A better option would have been to look at the factors behind the cement price increases together with the manufacturers and find ways of mitigating against them.

It is common knowledge, for example, that the key driving force behind the local production costs are the ever-escalating and unreliable power prices. Because each of the three countries is working towards stabilising its electric power supplies and , hopefully, reducing production costs all round, it would have been reasonable to expect that the regional leaders wait until these power projects are completed before phasing out the suspended duty on cement.

Or, if their studies showed that the cement manufacturers were acting as a cartel and increasing prices to reap super-profits inconsistent with other regional manufacturers, then the governments should have re-regulated the industry without further ado.

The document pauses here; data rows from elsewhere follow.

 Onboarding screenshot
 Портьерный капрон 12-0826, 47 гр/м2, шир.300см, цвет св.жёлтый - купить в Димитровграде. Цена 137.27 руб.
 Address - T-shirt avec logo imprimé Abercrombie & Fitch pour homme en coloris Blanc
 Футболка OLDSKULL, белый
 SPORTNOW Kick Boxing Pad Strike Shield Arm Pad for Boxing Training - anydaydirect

This would have punished the greedy manufacturers and protected the consumers without putting a whole industry and thousands of jobs into jeopardy. Even though free-marketers would have made noise publicly, in the solitude of their offices and study rooms they would have admitted the concept of free-markets has suffered a severe blow since the global financial markets went into a free fall last month.

The result has been state interventions in those markets and, by extension, to the rest of the economy, in a manner not seen over the previous fifty years particularly in the United States of America and much of Europe.

It would be ironic if these leaders spoke so eloquently of opening up their economies to local and foreign investments, on the one hand, while making decisions that undermine the already existing industries, on the other.